*** Exercise inputs Section Begins ***

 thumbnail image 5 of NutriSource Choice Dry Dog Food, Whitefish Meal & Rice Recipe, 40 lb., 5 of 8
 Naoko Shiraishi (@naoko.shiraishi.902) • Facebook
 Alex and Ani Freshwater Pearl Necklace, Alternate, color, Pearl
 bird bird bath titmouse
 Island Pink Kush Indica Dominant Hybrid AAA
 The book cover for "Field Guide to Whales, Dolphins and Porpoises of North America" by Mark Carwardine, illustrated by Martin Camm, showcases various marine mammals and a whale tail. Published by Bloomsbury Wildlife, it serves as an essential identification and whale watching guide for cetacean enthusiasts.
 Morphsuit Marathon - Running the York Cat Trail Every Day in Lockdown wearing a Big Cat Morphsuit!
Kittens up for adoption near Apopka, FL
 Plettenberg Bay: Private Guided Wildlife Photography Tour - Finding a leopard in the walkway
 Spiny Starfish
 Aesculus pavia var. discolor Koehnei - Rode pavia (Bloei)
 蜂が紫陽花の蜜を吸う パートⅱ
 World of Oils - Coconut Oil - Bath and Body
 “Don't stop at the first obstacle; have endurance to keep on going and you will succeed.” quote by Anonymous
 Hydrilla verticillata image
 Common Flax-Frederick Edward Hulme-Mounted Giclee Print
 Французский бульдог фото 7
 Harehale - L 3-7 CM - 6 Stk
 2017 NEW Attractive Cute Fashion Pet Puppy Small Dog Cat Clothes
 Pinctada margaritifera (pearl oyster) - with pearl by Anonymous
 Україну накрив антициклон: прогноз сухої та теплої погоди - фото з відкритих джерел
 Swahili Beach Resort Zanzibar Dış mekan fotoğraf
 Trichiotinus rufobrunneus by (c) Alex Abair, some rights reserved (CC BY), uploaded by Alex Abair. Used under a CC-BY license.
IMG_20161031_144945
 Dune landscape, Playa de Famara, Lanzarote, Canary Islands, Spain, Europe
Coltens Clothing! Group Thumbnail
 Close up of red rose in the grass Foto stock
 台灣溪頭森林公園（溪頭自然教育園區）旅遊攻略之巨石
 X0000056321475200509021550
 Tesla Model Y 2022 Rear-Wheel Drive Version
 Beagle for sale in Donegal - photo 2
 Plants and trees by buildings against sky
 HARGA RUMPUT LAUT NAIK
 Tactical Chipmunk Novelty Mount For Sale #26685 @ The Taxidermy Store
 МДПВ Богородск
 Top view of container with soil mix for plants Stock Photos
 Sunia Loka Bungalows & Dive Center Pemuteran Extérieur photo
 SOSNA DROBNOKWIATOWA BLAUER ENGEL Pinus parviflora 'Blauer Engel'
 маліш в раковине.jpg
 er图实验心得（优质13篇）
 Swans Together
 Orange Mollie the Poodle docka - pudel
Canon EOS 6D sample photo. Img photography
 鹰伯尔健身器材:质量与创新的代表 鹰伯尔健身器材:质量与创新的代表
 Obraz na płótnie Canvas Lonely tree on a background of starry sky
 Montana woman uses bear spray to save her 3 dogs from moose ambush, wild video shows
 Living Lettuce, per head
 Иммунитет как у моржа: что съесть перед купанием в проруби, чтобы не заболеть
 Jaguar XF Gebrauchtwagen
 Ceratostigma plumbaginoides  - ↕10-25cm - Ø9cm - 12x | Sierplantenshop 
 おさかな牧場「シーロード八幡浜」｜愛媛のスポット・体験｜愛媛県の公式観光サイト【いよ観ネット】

*** Exercise inputs Section Ends ***

Each line in the data that holds the word "Wildlife" must be copied.

Your solution:
 The book cover for "Field Guide to Whales, Dolphins and Porpoises of North America" by Mark Carwardine, illustrated by Martin Camm, showcases various marine mammals and a whale tail. Published by Bloomsbury Wildlife, it serves as an essential identification and whale watching guide for cetacean enthusiasts.
 Plettenberg Bay: Private Guided Wildlife Photography Tour - Finding a leopard in the walkway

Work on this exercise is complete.